Ask, finally, about the poem, “So what?” What does it do? What does it say? What is its purpose?
Step Three: Organizing the Explication
The explication should follow the general format as your preparation or drafting: begin with the large issues and basic design of the poem and work through each line to the more specific details and patterns.
The first paragraph
The first paragraph should present the large issues; it should inform the reader which conflicts are dramatized and should describe the dramatic situation of the speaker. The explication does not require a formal introductory paragraph; the writer should simply start explicating immediately. According to UNC‘s Professor William Harmon, the foolproof way to begin any explication is with the following sentence: “[Poet’s name—First and Last] and [Title of poem] poem dramatizes the conflict between …” Such a beginning ensures that you will introduce the major conflict or theme in the poem and organize your explication accordingly.
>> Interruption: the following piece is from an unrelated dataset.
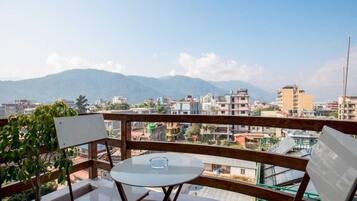 A balcony with a table and chairs, overlooking a cityscape with buildings and mountains.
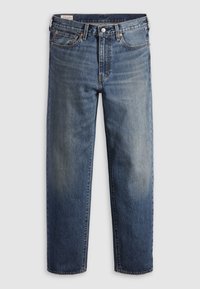Jean denim bleu à jambes droites avec légère décoloration sur les cuisses et les genoux, doté d'un bouton à l'avant et d'un design à cinq poches.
Here is an example. A student’s explication of Wordsworth’s “Composed upon Westminster Bridge” might begin in the following way:
William Wordsworth’s poem “Composed upon Westminster Bridge” dramatizes the conflict between appearance and reality, particularly as this conflict relates to what the speaker seems to say and what he really says. From Westminster Bridge, the speaker looks at London at sunrise, and he explains that all people should be struck by such a beautiful scene. The speaker notes that the city is silent, and he points to several specific objects, naming them only in general terms: “Ships, towers, domes, theatres, and temples” (6). After describing the “glittering” aspect of these objects, he asserts that these city places are just as beautiful in the morning as country places like “valley, rock, or hill” (8,10). Finally, after describing his deep feeling of calmness, the speaker notes how the “houses seem asleep” and that “all that mighty heart is lying still” (13, 14). In this way, the speaker seems to say simply that London looks beautiful in the morning.
The next paragraphs
The next paragraphs should expand the discussion of the conflict by focusing on details of form, rhetoric, syntax, and vocabulary. In these paragraphs, the writer should explain the poem line by line in terms of these details, and he or she should incorporate important elements of rhyme, rhythm, and meter during this discussion.
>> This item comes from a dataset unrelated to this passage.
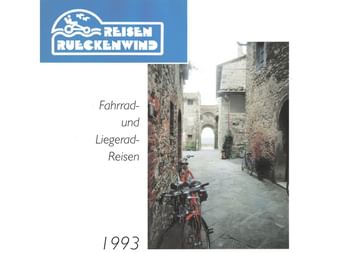 Titelseite des Rückenwind Radreisen-Katalogs 1993 mit einem Fahrrad in einer engen mittelalterlichen Gasse mit Steinmauern und Torbogen.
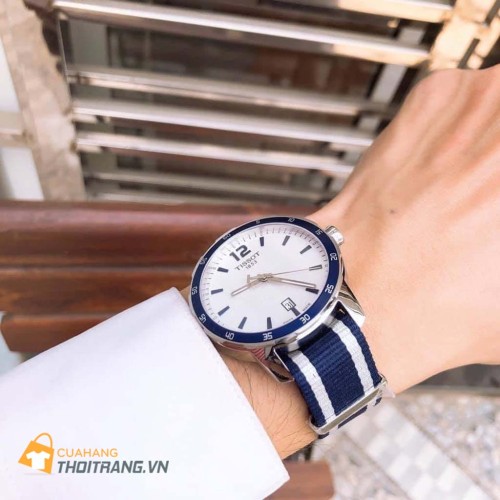 Đồng hồ dây vải Tissot T095.410.17.037.01 với thiết kế hiện đại thời trang dành cho nam, vạch số xanh nổi bật trên nền trắng trang trọng, kết hợp cùng với dây đeo bằng vải trắng xanh tạo nên vẻ thời trang.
The student’s explication continues with a topic sentence that directs the discussion of the first five lines:
However, the poem begins with several oddities that suggest the speaker is saying more than what he seems to say initially. For example, the poem is an Italian sonnet and follows the abbaabbacdcdcd rhyme scheme. The fact that the poet chooses to write a sonnet about London in an Italian form suggests that what he says may not be actually praising the city. Also, the rhetoric of the first two lines seems awkward compared to a normal speaking voice: “Earth has not anything to show more fair. / Dull would he be of soul who could pass by” (1-2). The odd syntax continues when the poet personifies the city: “This City now doth, like a garment, wear / The beauty of the morning” (4-5). Here, the city wears the morning’s beauty, so it is not the city but the morning that is beautiful …
The explication has no formal concluding paragraph; do not simply restate the main points of the introduction! The end of the explication should focus on sound effects or visual patterns as the final element of asserting an explanation.
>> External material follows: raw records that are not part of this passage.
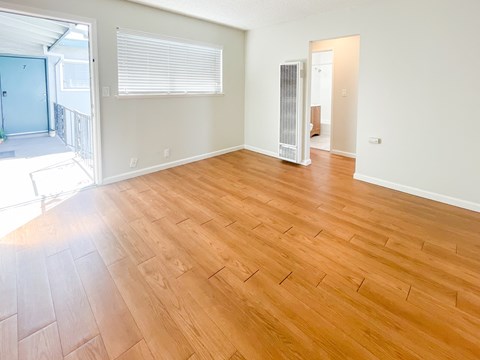 A room with wooden flooring and a window with blinds.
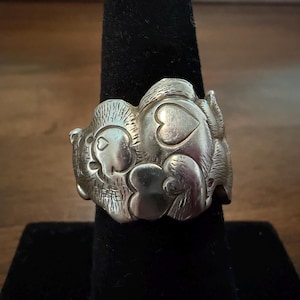 May include: A silver-toned metal ring featuring a raised, textured design of a cartoon bear character with heart-shaped details on its chest and face. The surface of the ring has a polished finish with engraved lines creating fur-like textures.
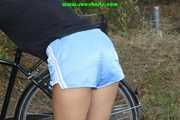 Watch Sandra riding her bike enjoying her shiny nylon shorts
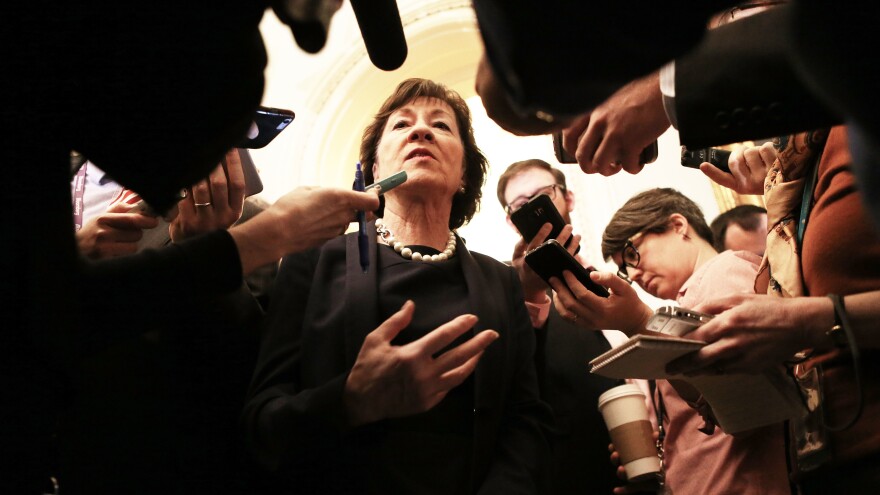 Maine Sen. Susan Collins speaks to the media after voting against Betsy DeVos as education secretary on Capitol Hill on Feb. 7.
Or, as does the undergraduate in the example below, the writer may choose simply to stop writing when he or she reaches the end of the poem:
The poem ends with a vague statement: “And all that mighty heart is lying still!” In this line, the city’s heart could be dead, or it could be simply deceiving the one observing the scene. In this way, the poet reinforces the conflict between the appearance of the city in the morning and what such a scene and his words actually reveal.